1. De Jean Guinée à Jean Vigo

Malgré le terrible échec commercial de Zéro de conduite, interdit par la censure, Jacques Louis-Nounez n’abandonne pas Vigo. La Gaumont-Franco-Film-Aubert accepte aussi de soutenir un nouveau projet si celui-ci offre des garanties commerciales suffisantes. On décide donc d’imposer un sujet précis au cinéaste afin de limiter ses précédentes audaces formelles et politiques.

C’est un scénario de Jean Guinée qui est retenu, un scénario tout à fait conventionnel que le cinéaste refuse dans un premier temps. Le texte, appelé L’Atalante, raconte l’ennui d’une fille de campagne sur le bateau du marinier qu’elle vient d’épouser. Celle-ci cède aux tentations d’une ville séductrice et quitte la péniche avant d’être retrouvée, repentie, en train de prier dans une petite chapelle, par le second du marinier qui la ramène sur le bateau… Finalement Vigo accepte le projet parce qu’une telle opportunité ne se refuse pas en des temps aussi difficiles mais aussi parce qu’il pense pouvoir imposer son propre style dans cette création.

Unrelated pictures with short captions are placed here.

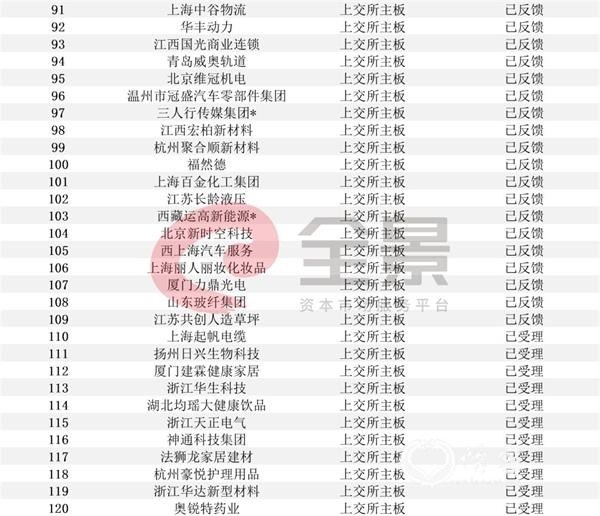 注：带*为西部12省区市及比照执行的地区首发在审企业。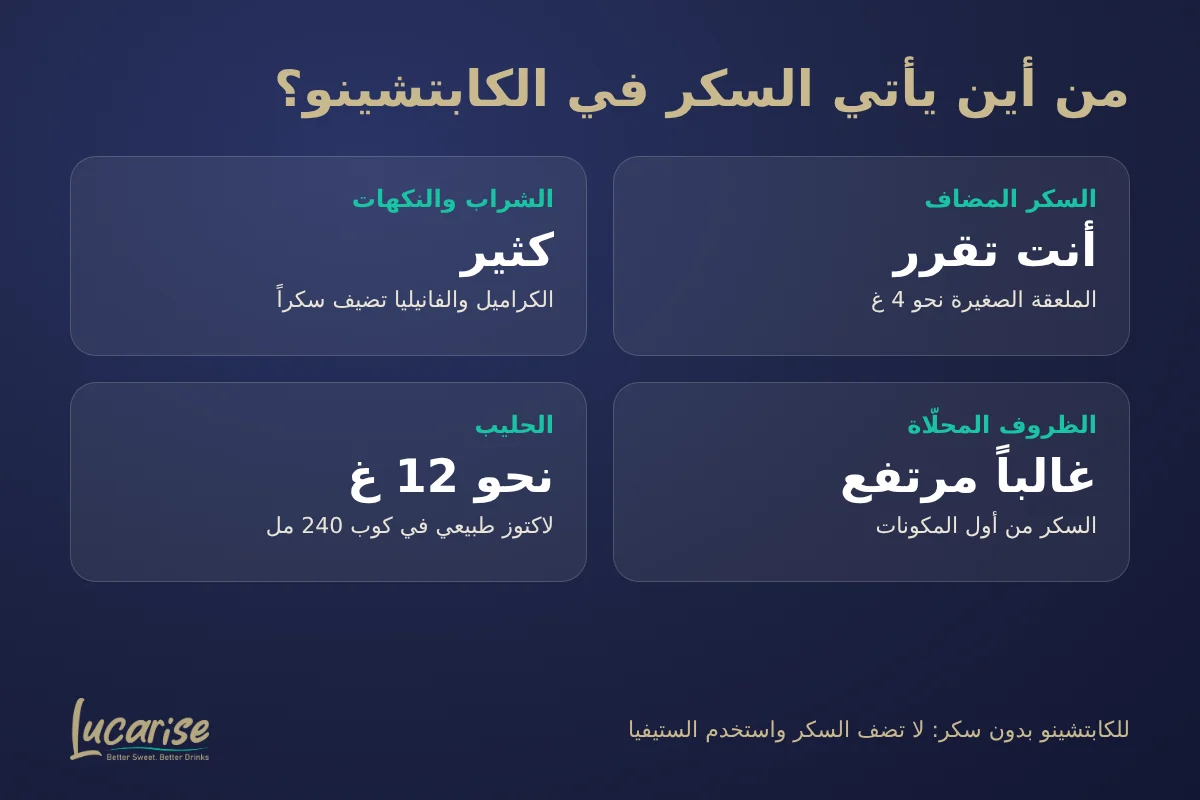 كابتشينو بدون سكر: مصادر السكر في الكابتشينو وكيف تتجنبه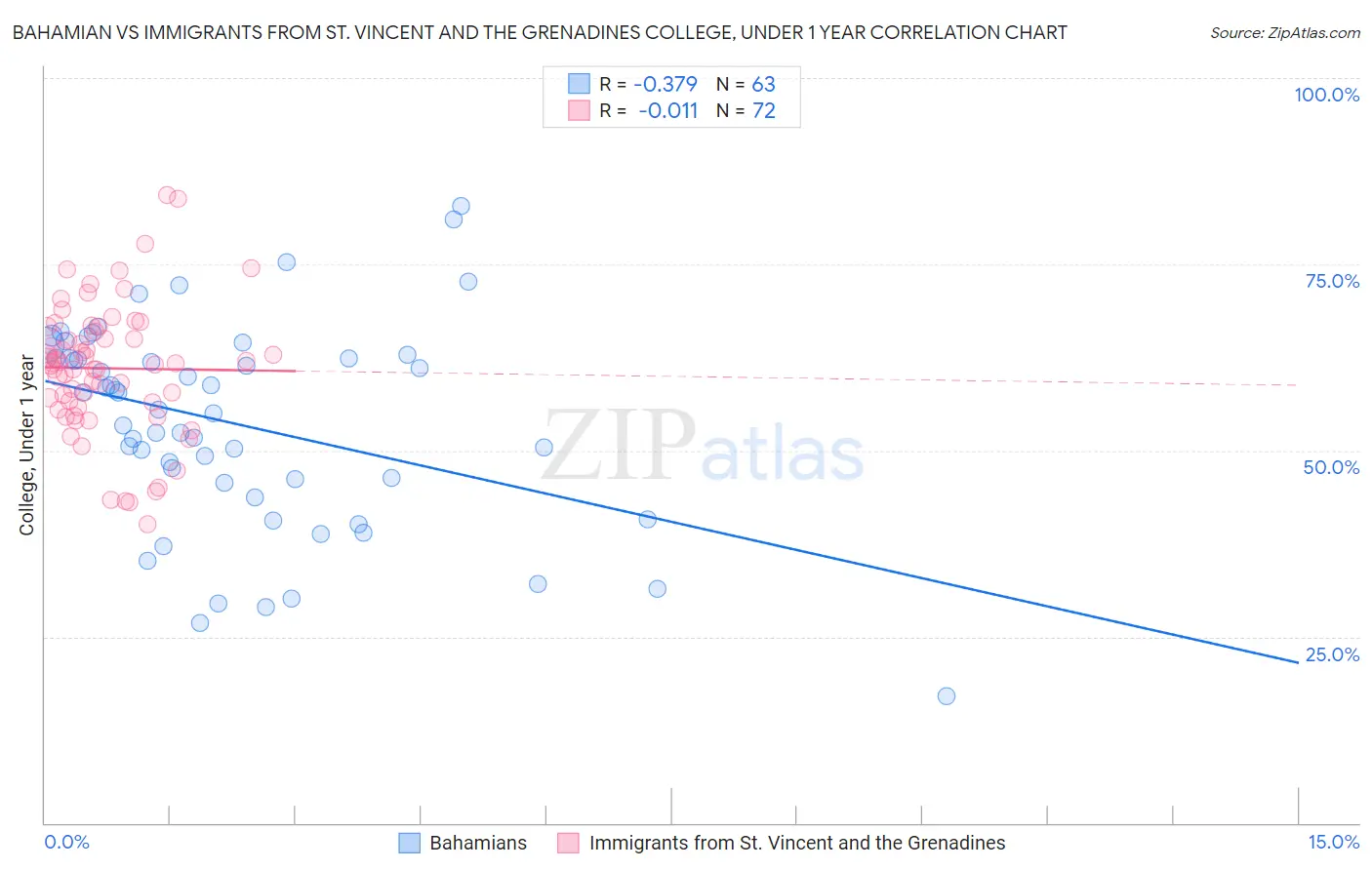 Bahamian vs Immigrants from St. Vincent and the Grenadines College, Under 1 year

Par ailleurs, parmi les contraintes qui lui sont imposées, certaines lui donnent pleine satisfaction. Ainsi, s’il n’a pas décidé lui-même de faire jouer Michel Simon et Dita Parlo, ce choix de la production (choix opéré d’abord pour des raisons commerciales) ne l’a pas gêné, il a même su tirer profit des caractéristiques de ces acteurs (et notamment de la mauvaise élocution de Simon qui a donné davantage d’épaisseur au père Jules bourru qu’il incarne).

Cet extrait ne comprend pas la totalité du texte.